____ RAW DATA

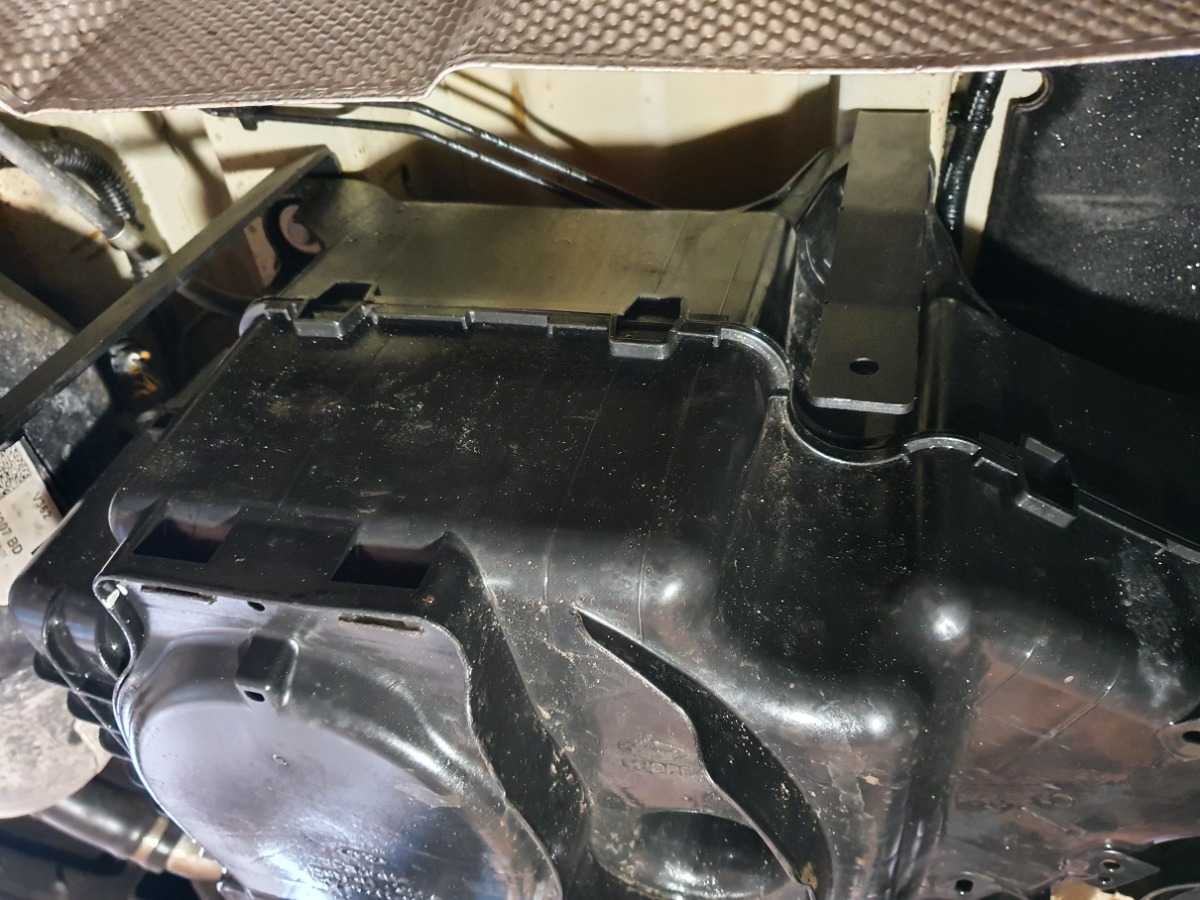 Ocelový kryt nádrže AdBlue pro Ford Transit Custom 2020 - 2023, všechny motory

________
____ RAW DATA

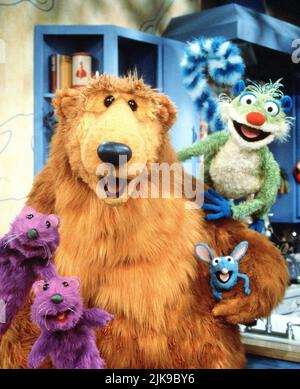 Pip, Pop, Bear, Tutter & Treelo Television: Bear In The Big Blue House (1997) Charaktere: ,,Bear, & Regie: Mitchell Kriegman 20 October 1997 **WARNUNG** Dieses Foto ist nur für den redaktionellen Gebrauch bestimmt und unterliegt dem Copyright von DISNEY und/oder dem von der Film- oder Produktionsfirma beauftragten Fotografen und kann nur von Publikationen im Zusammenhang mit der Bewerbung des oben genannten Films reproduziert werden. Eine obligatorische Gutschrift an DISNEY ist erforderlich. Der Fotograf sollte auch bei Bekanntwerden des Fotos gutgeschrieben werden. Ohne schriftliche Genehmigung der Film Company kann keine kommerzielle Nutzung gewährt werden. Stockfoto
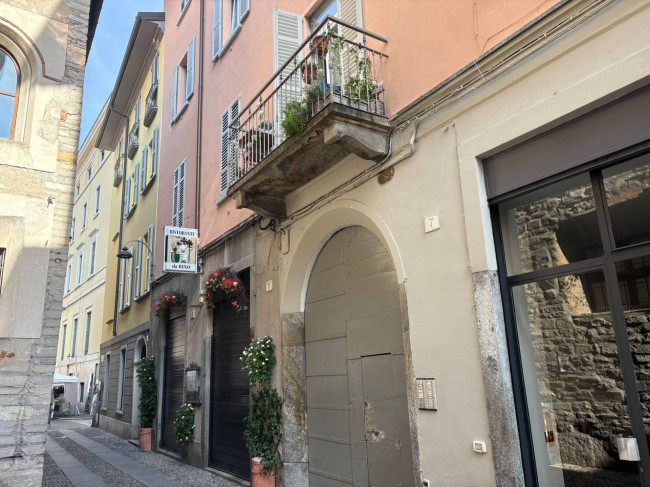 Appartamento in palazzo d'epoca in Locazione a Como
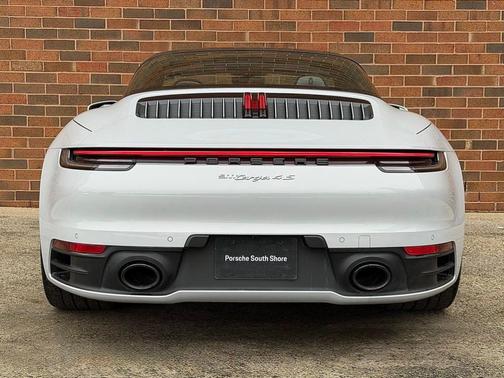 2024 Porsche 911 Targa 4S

________

What's needed is an exact copy of the records above from the line containing "Appartamento in palazzo" down to the line containing "2024 Porsche 911 Targa 4S", both included, without any pictures.

## FINISHED TASK
 Appartamento in palazzo d'epoca in Locazione a Como
 2024 Porsche 911 Targa 4S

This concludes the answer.